We experience health. It’s something we can all assess and comment on. We can say when we feel well and when we feel ill. But we have also developed ways of knowing about organ or cellular functions, so we can discover what our blood pressure is, or what level of haemoglobin exists in our red blood cells (two things we could not know by “sensation”). The point is, both of these perspectives are real. We do not have the kind of nervous system which can make us aware of the moment to moment functions of the organs of our bodies at a conscious level. Indeed, how could any of us live that way? But the connections exist. A certain level of heart cell dysfunction may be experienced as palpitations, pain or breathlessness. However, the heart can malfunction without us being aware of it at all – the investigation known as an “ECG” (a cardiogram) can reveal a “silent infarct” – damage which occurred to the heart from a clot without the person having experienced any pain or breathlessness.
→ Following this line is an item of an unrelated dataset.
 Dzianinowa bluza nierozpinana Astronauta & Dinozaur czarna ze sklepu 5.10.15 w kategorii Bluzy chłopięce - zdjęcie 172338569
The connections which exist between “sensation” and “consciousness” are complex but clearly non-linear – in other words, a small change in one area can have either a large, or a negligible, effect on another.
Isn’t this why we can encounter a person who feels very ill, but whose investigations are all “normal”, and why we find people who have “abnormal” results in investigations, but who feel completely well?
Where modern medical practice goes wrong, I believe, is by attributing truth to “knowledge” whilst dismissing “experience” as unreliable and so, not useful. This has come about from our obsession with measurement. We can measure physical changes, but we can’t measure pain, breathless, dizziness, nausea, or any of the other “sensations” of illness.
But to attribute symptoms (sensations) to mental disorders when physical test results are all within the normal range is neither rational, nor clever.
I think we need, in every case, a person-specific synthesis of what the tests tell us and what the person is experiencing. A person’s experience can be communicated to us by their telling of their story – which has the additional benefit of allowing us, together, to make sense of what is happening – by which I mean to explore the meaning of the illness.
Keeping focused on the narrative which includes this synthesis also enables us to explore the individual’s values, hopes and fears, allowing us to make more relevant, more holistic, diagnoses and so, hopefully, to offer more appropriate choices for each patient.